Aku telah lama menyadari bahwa diri ini memiliki ego yang setinggi gedung-gedung pencakar langit di kota-kota metropolitan. Lalu ego-ego itu tumbuh semakin subur sejak aku menjadi ibu.
Entah kemampuan ikhlas level apa yang dimiliki para ibu di masa lampau.
Saat suamiku tidak ada disampingku selama proses melahirkan, sungguh aku tak menyesalkan ketidakhadirannya. Bagaikan primata yang mengandung, melahirkan, dan membesarkan anaknya sendiri, sedari awal aku tau konsekuensi untuk tidak bisa selalu bersama suamiku. Namun saat masalah hidup mencuat setelahnya, aku bisa begitu berharap ia ada di sampingku hari itu, hanya untuk melihat betapa luar biasanya perjuanganku melawan rasa sakit. Semata-mata agar peranku sebagai istri dan ibu untuk keluarga ini semakin tervalidasi.
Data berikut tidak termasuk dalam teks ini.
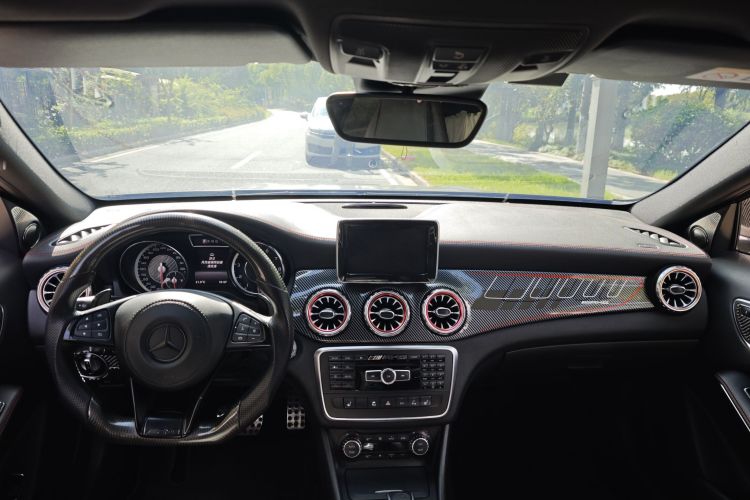 奔驰GLA AMG 2015款 AMG GLA 45 4MATIC中控内饰7008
Bahwa aku bisa jadi lebih berkorban.
Kira-kira sebesar itulah egoku di waktu-waktu yang menyesakkan sebagai seorang perempuan. Dan banyak lagi yang dapat ku ceritakan dalam berlembar-lembar tulisan. Ah, sungguh pikiran busuk yang tak pernah ku harapkan ada padaku.
Di sisi lain, sasaran empuk dari semua egoku ini memang hampir selalu suamiku. Laki-laki bertubuh tinggi besar yang terlihat sekokoh bangunan Hindia Belanda. Laki-laki yang dikuasai oleh logika dan tanpa sadar selalu membangun benteng setinggi dan sebesar dirinya, agar keputusan-keputusannya tidak diserang perasaan-perasaan sentimentil. Laki-laki yang diperlakukan sebagaimana laki-laki di masanya dibesarkan; bahwa menjadi laki-laki berarti tidak membicarakan apa yang ia rasakan, atau bahkan, tidak berbicara sama sekali.
Pada dasarnya, ini adalah keangkuhan yang haus validasi beradu dengan pemikiran logis yang tak pandai berkata-kata. Entah dimana titik ujungnya.
Namun anehnya, dengan segala keruwetan itu, kami masih begitu mencintai satu sama lain.
Tanpa perlu saling banyak berucap, sejak kali pertama bertemu hubungan ini terasa terus memperbaiki dirinya sendiri.
Tanpa sadar kami mau untuk terus saling memahami.
Selangkah demi selangkah,
Kami yang mungkin terpisah di dua kutub yang berbeda ini perlahan terus berjalan ke titik tengah.
Lalu,
Setelah banyak definisi cinta yang ku alami sejak masa remaja,
Apakah cinta itu berarti terus berjalan?